Posts Tagged ‘shopping’

Letter from Iceland plus store returns increasing

November 15th, 2008 by Reinder

Two more articles that caught my fancy:
A letter from Iceland at the Financial Times online. Everyone on my reading list seems to have been linking to that today. It's a long explanation of the economic city in Iceland.
Iceland is probably the miner's canary for the coming recession in that it'll define the limits of how bad things are going to get, and reach those limits a few months before everyone else. Right now, it's pretty bad, but not riots in the streets-level bad.

Retailers feel Pinch of Returns at the New York Times. What strikes me about this is that consumers still aren't getting it even when they believe they do:

More forgiving policies may be good news for Ms. Kakouris, the real estate agent in Miami. From time to time, pangs of conscience have caused her to regret a purchase before she has even stepped out of the store. “I’ll be on the escalator, and already I’m thinking, ‘I can’t do this,’ ” she said.

Returning such items is a matter of principle, and also a matter of pride, she said. “It’s self-control — that’s a positive thing, isn’t it?” Ms. Kakouris added. “At any rate, I’m clearing off my
guilt.”

Impulse-buying items and then returning it is not self-control. If you can't afford to buy stuff, keep your money in your pocket, instead of shafting the retailer with the extra cost of dealing with the return.

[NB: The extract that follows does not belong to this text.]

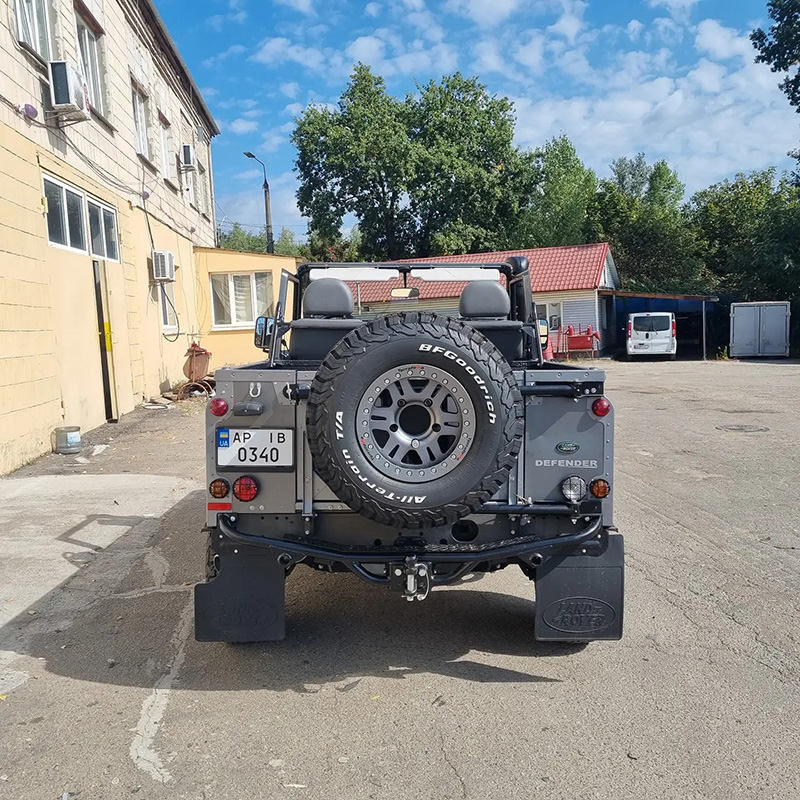 Защита багажника Land Rover Defender покрытием Line-X от механических повреждений и коррозии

Buyer-protection laws are for when an item is defective or you've been pressured into buying it, not for when you want the thrill of shopping without the consequences.

And the practice of "Wardrobing" mentioned in the article? Just don't get me started. (via)

That about wraps up the market experiment

September 6th, 2008 by Reinder

I spent €60 at the market this afternoon, plus €17 at my local organic butcher's, and €6 at the market yesterday during my lunch break (when there were different stalls including an organic bread stall that I didn't discover until after I'd bought bread. I'd have spent much more if my lunch break had been longer) . It's safe to say that my food budget has exploded this week.

I'm not going through an itemized list this time, but I do want to mention that some of these expenses were one-offs. The biggest extra expense was tortilla chips plus four kinds of dip to go with them; the plan is for me to reverse-engineer and then improve on the dip I like the best (which is probably going to be the chilli), so that's €8-10 that I'll only spend once. I also bought enough cheese to last for three weeks, plus fresh cilantro, which I usually do without.
I've located milk! But I didn't buy any as it was €1.30 for half a liter. Locally produced and organic, so probably very good, but the price was one I'd expect in a cafetaria, not in retail. I can technically afford to pay € 2.60 a liter for milk, but only if I still save money overall, which I'm not doing.

Going back to the original purposes of the experiment, I ended up buying a lot of things that weren't whole food staples but prepared foods: melba toast, the dips, chocolate nuts, the tortilla chips which by Michael Pollan's definition are edible, foodlike substances. So the experiment's purpose was defeated entirely and I might as well get those things from the supermarket again. On the plus side, shopping at the market is a lot more fun - you're outdoors, there are bargains to be had and new products to try, and the smells from some of those stalls is just divine. Goat cheese in particular taunts and tempts me whenever I pass it, as do Moritz's olives, sun-dried tomatos and feta.

Experiment over! It would have been fun and interesting to do this for a couple of months; describing your shopping in great detail is the sort of thing that's dull if you do it once, but becomes more interesting if you keep it up until patterns become visible. But the pattern that's showing up already is that I spend more and don't stick to the experiment's purpose, so to protect my wallet, I'm cutting it off here. I'll be splitting my purchases between the outdoors market and the supermarket like a sane person.